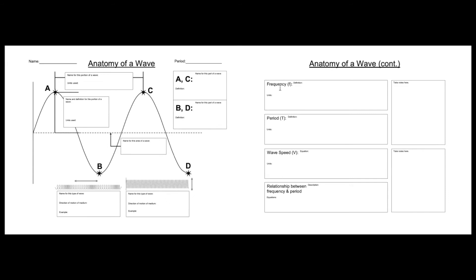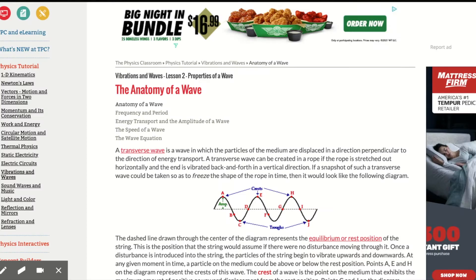How do you define frequency and what units are used? How do you define period and what units are used? How do you define wave speed and what units do you use? What's the relationship between frequency and period, and what are the equations that you use?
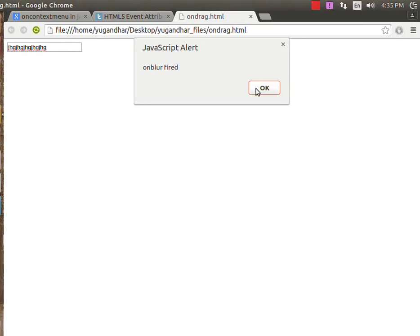This is the example for the onblur event in JavaScript. Okay, goodbye.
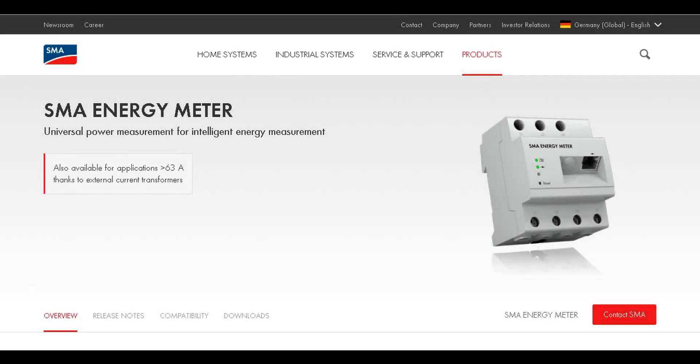In this service tip video, we will show you how to configure CTs for use with an SMA energy meter.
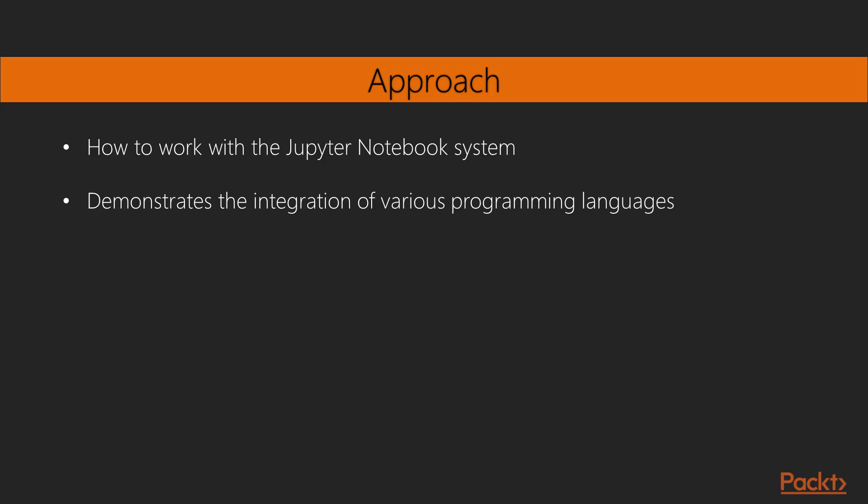This comprehensive, practical guide will teach you how to work with the Jupyter Notebook system. It demonstrates the integration of various programming languages with Jupyter Notebook through hands-on examples in every section. So what are we waiting for? Let's begin this journey together, and I hope you will learn Jupyter at the end of the course.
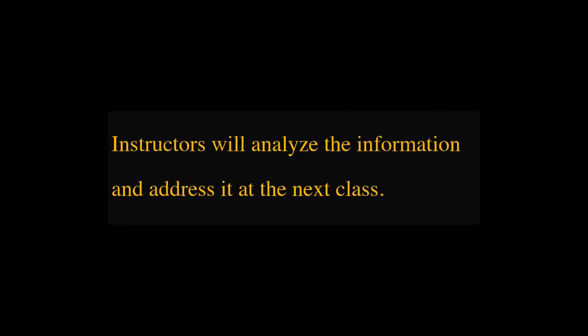The instructor will tabulate the responses and make note of any useful comments. In the next class,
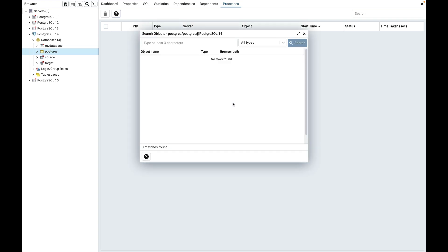I have already created a few tables. One of them is the expenses table. Let's type three characters like EX% and hit either Enter key or click on the search button.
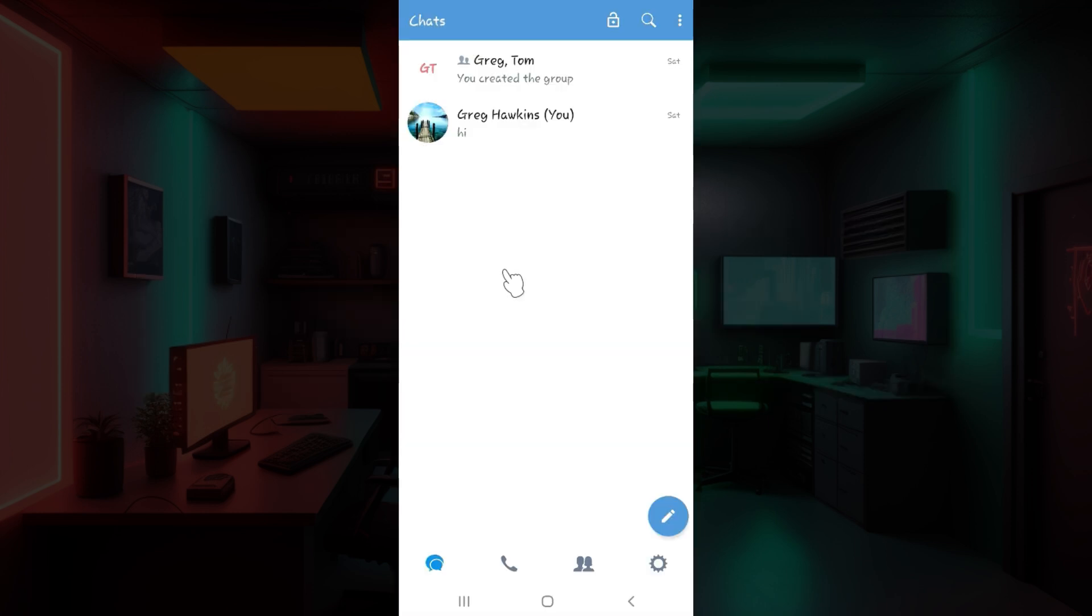I have already logged into my account and in my previous video I had taught you guys how to block someone. Now let's simply look at how to unblock them.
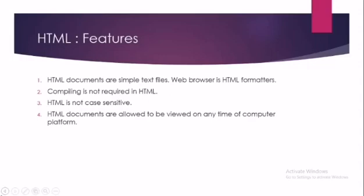HTML documents are allowed to be viewed on any type of computer platform. Here the word platform means operating system. Either it is Windows, different versions of Windows, Linux, Unix, or any operating system, it can be used very easily.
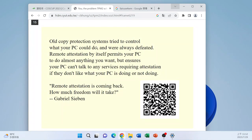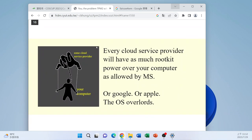As Gabriel's article nicely puts it: 'Old copy protection systems tried to control what your PC would do and were always defeated because we could reverse-engineer them. Remote attestation by itself permits your PC to do almost anything you want, but ensures your PC cannot talk to any services requiring attestation if they don't like what your PC is doing or not doing.' That's the situation now.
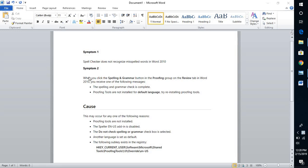Good day everyone, you're watching Radio Fixes. On today's video I'm going to talk about how to fix spell check issues in Word 2010. Some of the common issues you might come across in Word 2010 is that when you try to do a spell check, or if you try to misspell a word in Word 2010, it may not recognize the misspelled word.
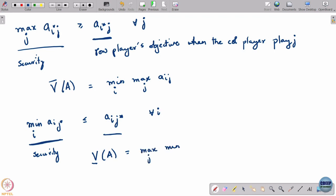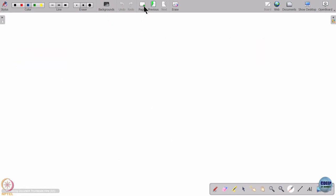Now I want to give another interpretation of security strategies and security levels. Presently we've been assuming the players play simultaneously with no communication. But suppose there is a definite order of play — suppose player 1 plays first, then player 2 observes player 1's action and responds. Player 1 chooses a row, player 2 gets to see that row, and then decides what column to play.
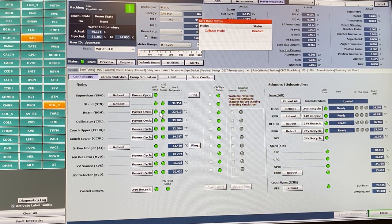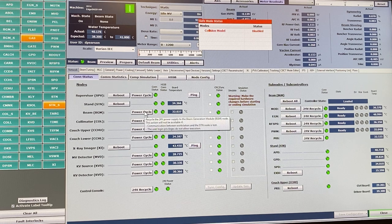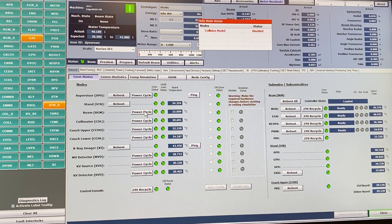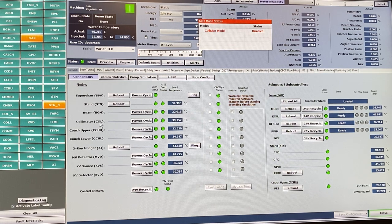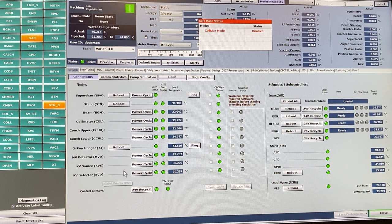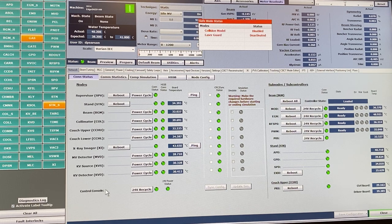BGM stands for beam generation module. If a fault starts with the letters BGM followed by a series of letters and numbers, that indicates a problem that could be fixed by rebooting the BGM. STN is the stand — we have the collimator, upper couch, and lower couch. The XI system handles imaging, and for mechanical components like the MV detector panel, the KV detector panel, and the KV source, you can individually reset those.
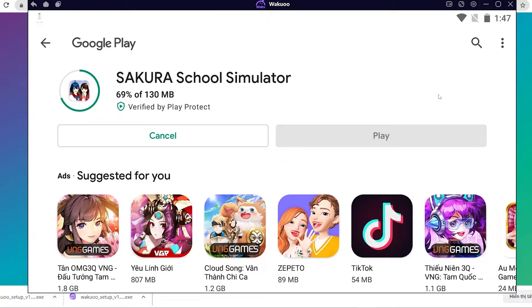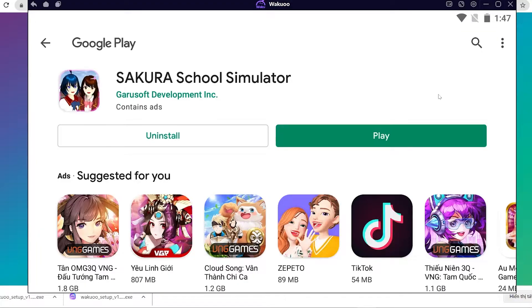On a small note, while installing the emulator and downloading games, if you run into any errors, please leave some feedback in the comment section and I'll help you out. Enjoy your games!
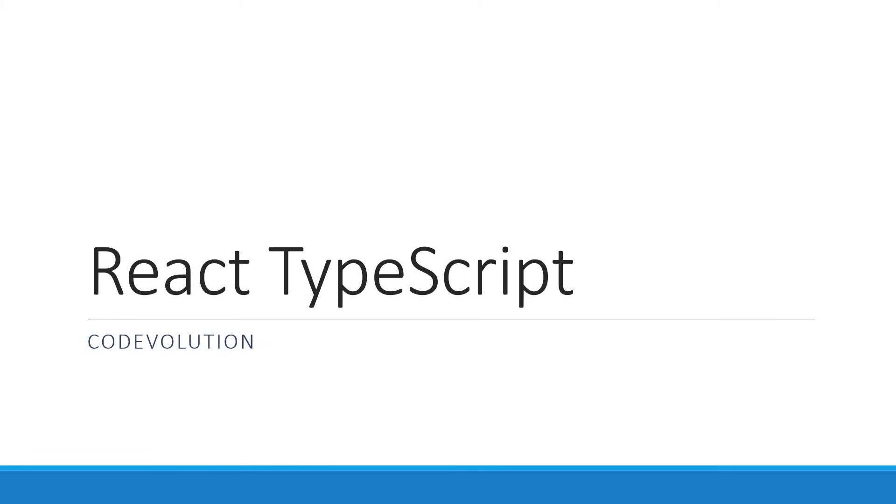Hey everyone, my name is Vishwas and welcome to a brand new series on React with TypeScript for beginners. In this series, we will learn to use TypeScript with React by building a few components of varying complexity.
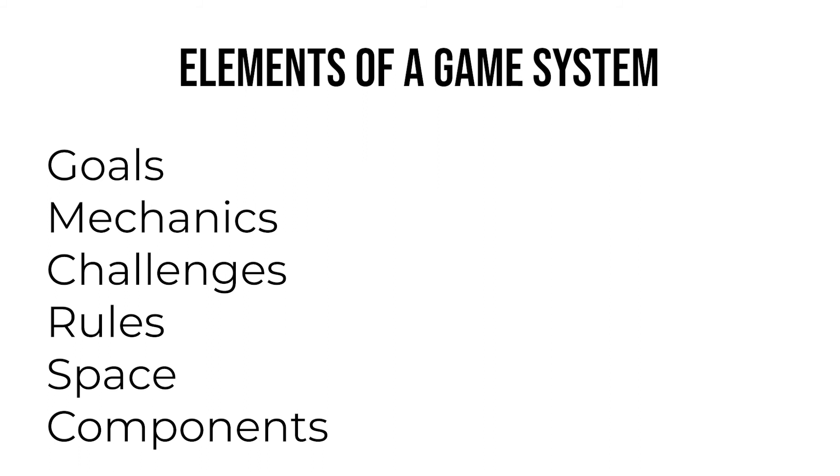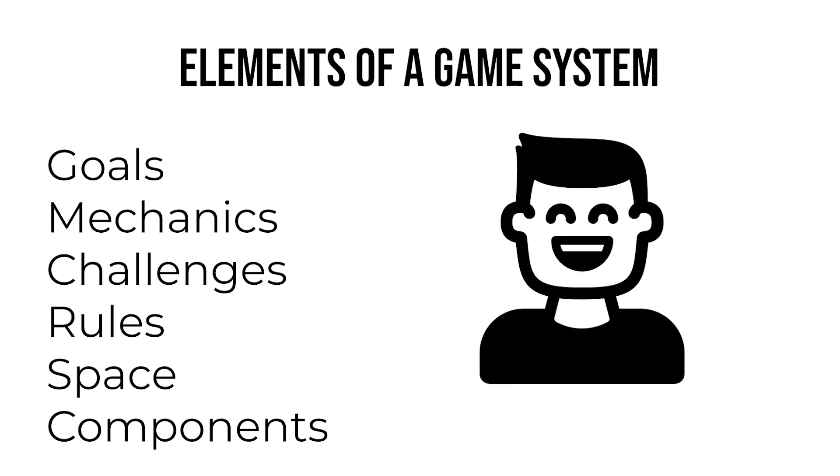When designing and making a game, these six elements are your tools for creating fun. The essence of game design is arranging the game's space, components, mechanics, challenges, goals, and rules so that you create an experience where it is fun for the player to overcome the challenges you create as they try to achieve the game's goals.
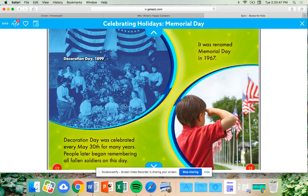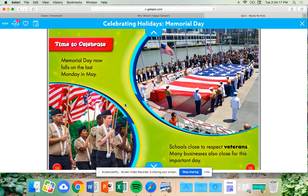Decoration Day was celebrated every May 30th for many years. People later began remembering all fallen soldiers on this day. It was renamed Memorial Day in 1967. Remember that this holiday started off known as Decoration Day, and then it was renamed Memorial Day in 1967. Memorial Day now falls on the last Monday in May. Schools close to respect veterans.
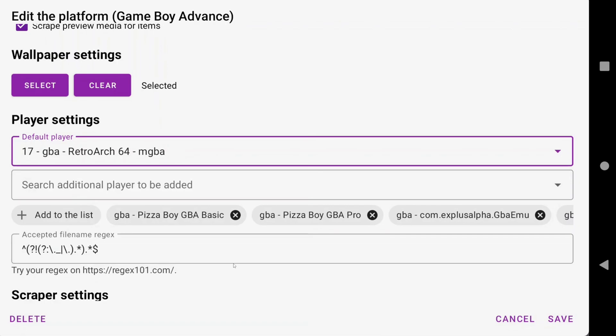But what I can do is leave a general list of emulators and platforms at the end of this video that can help you out. So at least you have something in mind to reference if you want to install these emulators until I finish my Android setup guide.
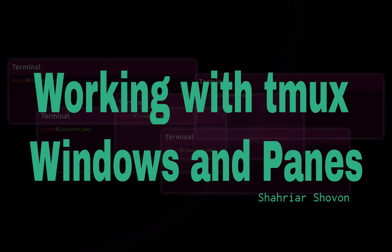Hi, I'm Shariya Shroban. In this video, I'm going to show you how to work with Tmux windows and panes. Let's get started.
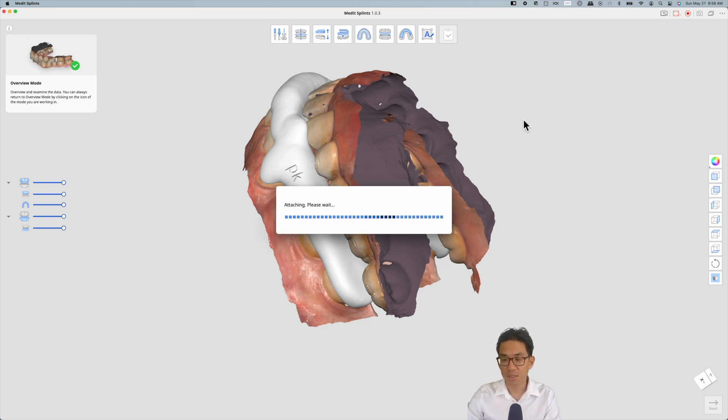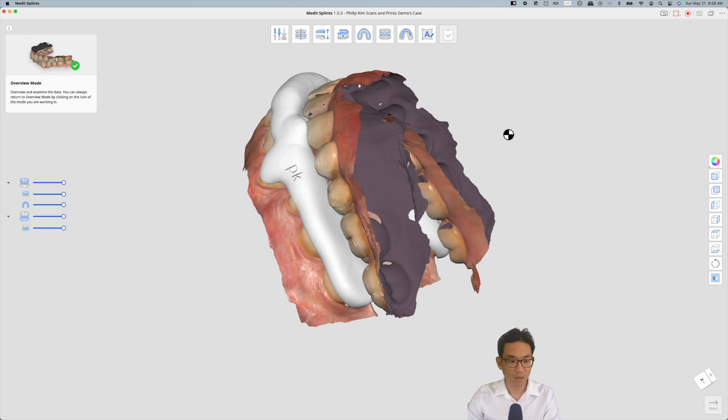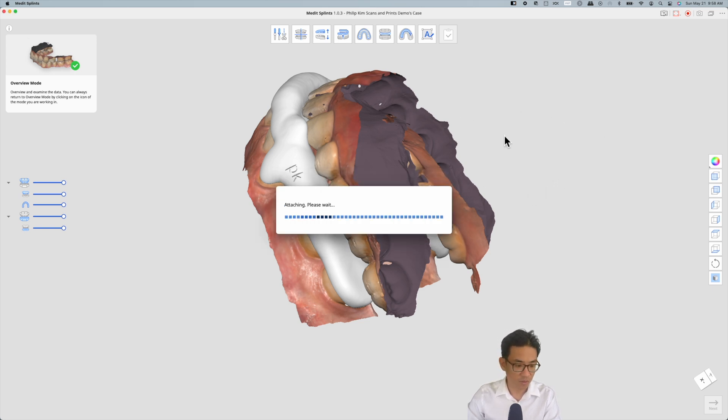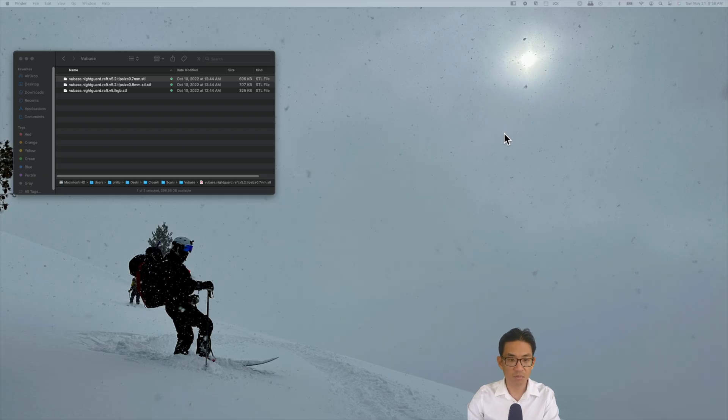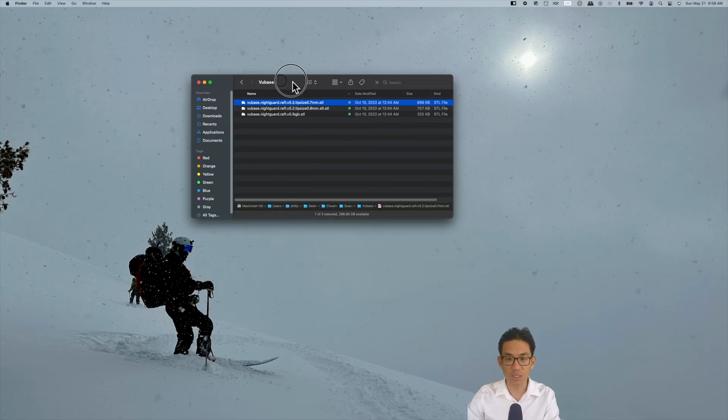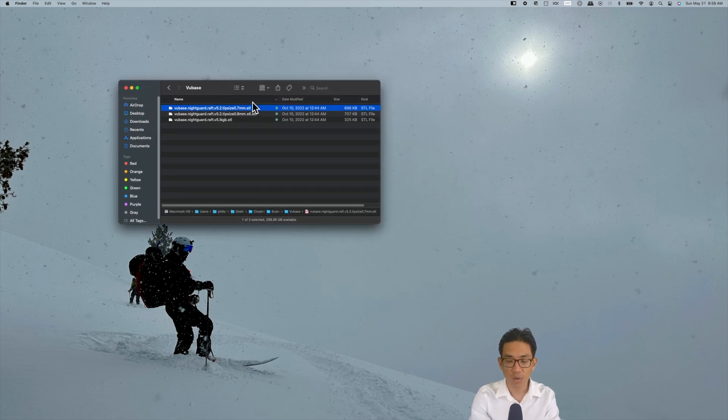Hit next and hit save. This is how long it took to make a night guard, just around 10 minutes, maybe even quicker without all the explanations.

· · · ·

> WHAT YOU HAVE TO DO
Set down again, word for word, every line from the one with "The instructor will" to the one with "As Gabriel's article" in the entries above, and omit the pictures.

> RESPONSE BELOW
The instructor will tabulate the responses and make note of any useful comments. In the next class,
I have already created a few tables. One of them is the expenses table. Let's type three characters like EX% and hit either Enter key or click on the search button.
I have already logged into my account and in my previous video I had taught you guys how to block someone. Now let's simply look at how to unblock them.
HTML documents are allowed to be viewed on any type of computer platform. Here the word platform means operating system. Either it is Windows, different versions of Windows, Linux, Unix, or any operating system, it can be used very easily.
As Gabriel's article nicely puts it: 'Old copy protection systems tried to control what your PC would do and were always defeated because we could reverse-engineer them. Remote attestation by itself permits your PC to do almost anything you want, but ensures your PC cannot talk to any services requiring attestation if they don't like what your PC is doing or not doing.' That's the situation now.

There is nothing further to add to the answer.